On Hearing and Doing

     Only a young man who had lost the habit of thinking, as we would say, "rationally," that is, in an earthly way, could say so; But he saw things as they were. This man, his father, did not live: he reflected the surrounding reality, was ignited by some kind of interest, passed from experience to experience; but experience is not life; it is an instantaneous event that goes away like a candle goes out...

     How we all look like that! It is rooted in the earth; His only interests were earthly, but he was dehumanized, there was no man left in him, because he was completely absorbed in objects. And now each of us faces the same question: do I exist? Is there someone in me – or is there emptiness in me? Or I, in the words of St. Theophanes the Recluse about a person who is focused on himself – like wood shavings curled up around his own emptiness? Is there anything in me that can enter into eternity? Of course, neither the land bought by the first called, nor the oxen bought by the second, nor the work that the oxen did over this land will enter into eternity. What will be left?.. And if we talk about love, then, again, what will remain if it is all reduced to the standards of earthly life, if there is nothing behind them, if it is as small, insignificant as our earth in this infinitely opening cosmos in which we live: a speck of dust – and in this speck of dust there is a person with his feelings, thoughts. Yes, man is more than a speck of dust, but only if he does not make himself akin to this speck of dust, if he finds within himself a magnitude, a depth that only God can fill, such a depth that can contain the entire universe and still remain empty, because there is infinity in it and it can only be the place where God Himself dwells...

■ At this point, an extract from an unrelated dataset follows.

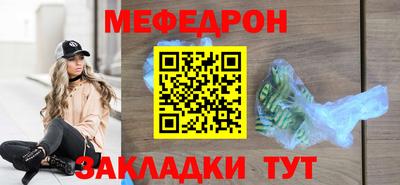 spice Ликино-Дулёво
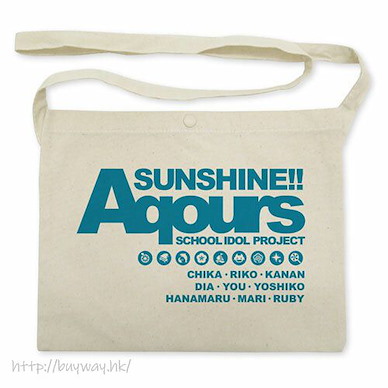 LoveLive! Sunshine!! 「Aqours」米白 側孭袋 Aqours Mini Shoulder Bag /NATURAL【Love Live! Sunshine!!】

     Love should reveal us in this way; if it does not achieve this, it becomes as fine as a speck of dust. Of course, we do not know how to embrace everyone, we do not know how to embrace everything; But we must open up more and more, and not close, close, narrow. We cannot and do not know how to love everyone; But do we know how to love our loved ones? Is our love for those we love a blessing, a freedom, a fullness of life for them, or a prison in which they sit as prisoners in chains?.. The prophet Isaiah has a word: "Let the captives go free." And each of us will say: "I have no slaves, I do not hold anyone captive, I have no power over anyone" – and this is not true! How we hold each other captive, how we enslave each other! How narrow we make life for each other, and it is frightening to say how often this happens because we seem to "love" a person and know better than him what constitutes his happiness and goodness. And no matter how much he strives for his happiness, no matter how much he strives to open up, like a flower opens in the sun, we cast our shadow on him and say: "No, I know better than you what your paths are, what your happiness is..." How often do we hear – perhaps not in such words, but in essence: "God, if this man would stop loving me, how free I would be! I could live, the chains would fall off me, life would begin..."

     The second image is a story from a French book about how a man wanted to create an earthly paradise[4]. A certain Cyprian, having lived for many years among the savages on the islands of the Pacific Ocean, passionately loved the earth, nature, life, and the creative forces of this nature, and learned from the local inhabitants how to summon all the living forces of the sometimes parched earth to life by the sorcery of love. He returns to his homeland, buys a piece of stony, lifeless soil and, as it were, envelops this soil with his love, evokes in and out of it all the living, creative forces. And the soil, which has been dead for centuries, begins to revive, to grow grasses, trees, flowers, it becomes like an earthly paradise. And in this illumination, in this light of love, animals also begin to gather, because there love conquers their enmity, their mutual malice, their habits, their instincts; they live as in paradise. Only the beast remains outside this paradise – the fox. She does not want to join the others, she stays outside. At first, Cyprian thinks of her with compassion: the poor beast does not understand where his happiness is! – and in every possible way calls to this fox: Come! here is paradise.. But the fox does not come. Then he begins to get irritated with her; Love for her begins to fade, and gradually indignation and hatred are born in him, for this fox is a witness that his paradise is not a paradise for everyone, not everyone wants to live in this paradise. And he decides to kill the fox, because when he is gone, all the animals, all the plants will be united in the paradise that he artificially created with his love. And he kills the fox... He returned to his plot - all the grasses withered, all the flowers died out, all the animals fled...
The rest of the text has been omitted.